Wait for it.
That’s a prime directive when it comes to baseball retaliation, instructing pitchers hell-bent on drilling a guy to delay their vengeance until the time is right. What that means, of course, is up for interpretation, and sometimes players interpret wrong.
Joe Musgrove is one of those guys.
In the top of the seventh inning, Arizona’s Braden Shipley buried a 96-mph fastball into the top of Josh Harrison’s shoulder blade, just missing his head. The blow eventually knocked Harrison from the game. Shipley then sent another fastball near Austin Meadows’ head before getting him to fly out to center field.

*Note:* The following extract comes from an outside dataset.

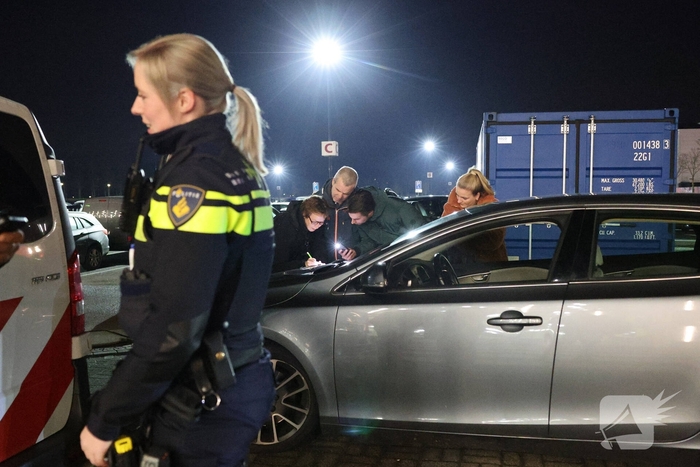 Vechtpartij bij verkeersruzie bezoekers Vrienden van Amstel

That was enough for Musgrove, who responded in kind in the bottom half of the frame. What the Pirates right-hander had working in his favor was a 5-0 lead, plus the fact that he’d given up only four hits and no walks to that point. Musgrove was cruising, and so felt little need to wait until two were out, as is standard operating procedure in these types of situations.
He drilled leadoff hitter Chris Owings (appropriately, below the belt), and everything went immediately to hell. Musgrove then wild-pitched Owings to second. Nick Ahmed singled in Owings, cutting Pittsburgh’s lead to 5-1. Shipley, hitting for himself, reached on a throwing error by third baseman David Freese (who inexplicably rushed his throw), and that was all for Musgrove. Reliever Edgar Santana was greeted with an RBI single by Daniel Descalso. Now the score was 5-2. One out later, Jake Lamb hit a three-run homer, tying the game. Arizona scored four more in the eighth to win it, 9-5.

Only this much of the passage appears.